Internal blockades against exports have consequences for all Canadians
Edmonton: At a luncheon with Enbridge CEO Al Monaco, the Alberta Enterprise Group (AEG) called for a national discussion on the economy and jobs that would explore how decisions made today can impact livelihoods and government revenues in the future.
In light of the regulatory and political challenges facing the proposed Northern Gateway Pipeline that would take Canadian energy west for export to Asia, the Keystone XL pipeline to the United States and numerous other projects across the country facing regulatory gridlock, AEG says it’s time for Canadians to reflect on what direction they would like Canada to take in the future.
“It is becoming increasingly difficult to develop the Canadian economy,” said AEG President Tim Shipton. “Whether its pipelines, power lines, mines or hydroelectric projects; the debate focuses on why we shouldn’t build instead of why we should. Canada is paralyzed by special interests and complacency.”
“What is at stake is the balance sheet of the entire country,” added Shipton. “It’s not just about jobs and profits, but also vital government revenues needed to finance growing government pension liabilities and expanding services. The lower price Canadian energy exporters receive is costing the Canadian and Albertan governments billions each year – paid in turn by taxpayers across Canada.”

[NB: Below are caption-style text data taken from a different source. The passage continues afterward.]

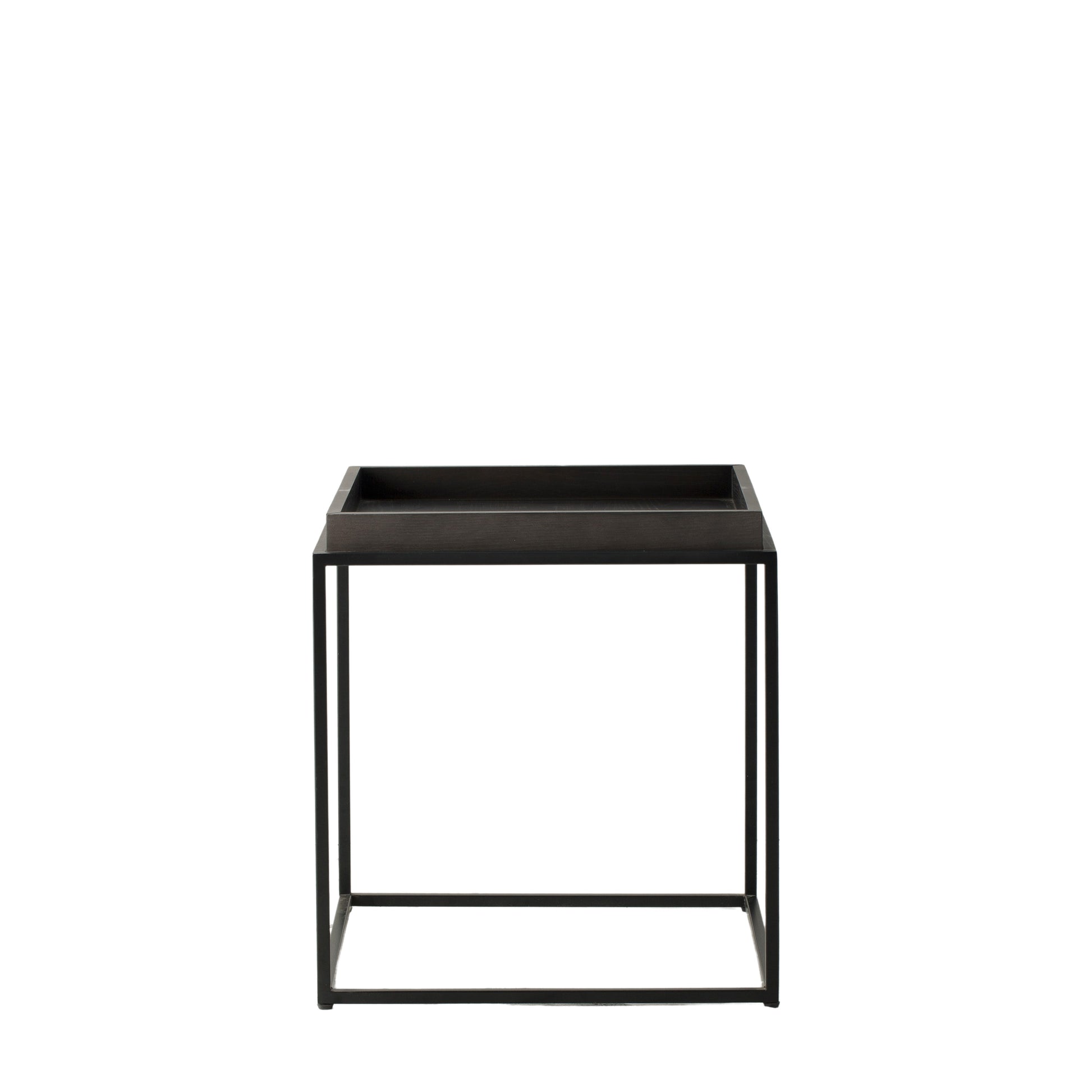 Forden Tray Side Table Black
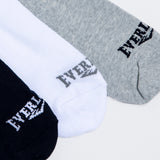 Tripack Calcetines Crew Negro-Blanco-Gris Everlast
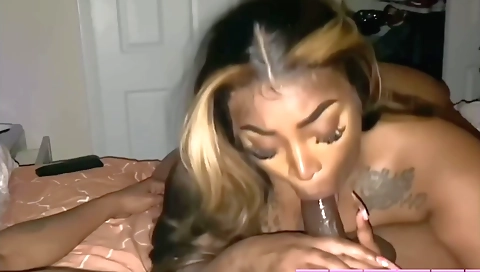 Big ass black ebony gets creampied by a black dude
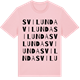 Pink Cotton t-shirt med Svilunda ordlek t-shirt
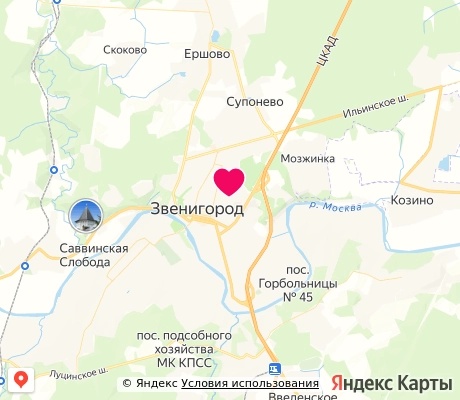 На карте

Enbridge CEO Al Monaco outlined his view of Canada’s market access challenge at a sold out luncheon in Edmonton. Enbridge is proposing a pipeline that would carry Alberta crude to Canada’s west coast for shipment to growing Asian markets.
In attendance were several local Enbridge suppliers who employ hundreds of people across northern Alberta.
“Canada was built on taking bold risks, but we’ve lost that entrepreneurial edge,” said Shipton. “AEG believes Canadian companies like Enbridge can balance environmental and social concerns with economic success. Striking that balance is critical if we’re to maintain economic growth for future generations.”
“This virtual internal blockade is not just a problem in Canada’s board rooms – it’s a problem in our classrooms and hospitals as well. It’s time for Canada to get moving again. Projects like Northern Gateway and others must proceed in the national interest.”
AEG is a member-based, non-profit business advocacy organization dedicated to advancing innovations that enhance the quality of life for all Canadians, promoting entrepreneurship and corporate responsibility, and defending principles of democracy and liberty. AEG members employ more than 150,000 Canadians in the energy, manufacturing, construction and retail industries and generate billions in economic activity each year.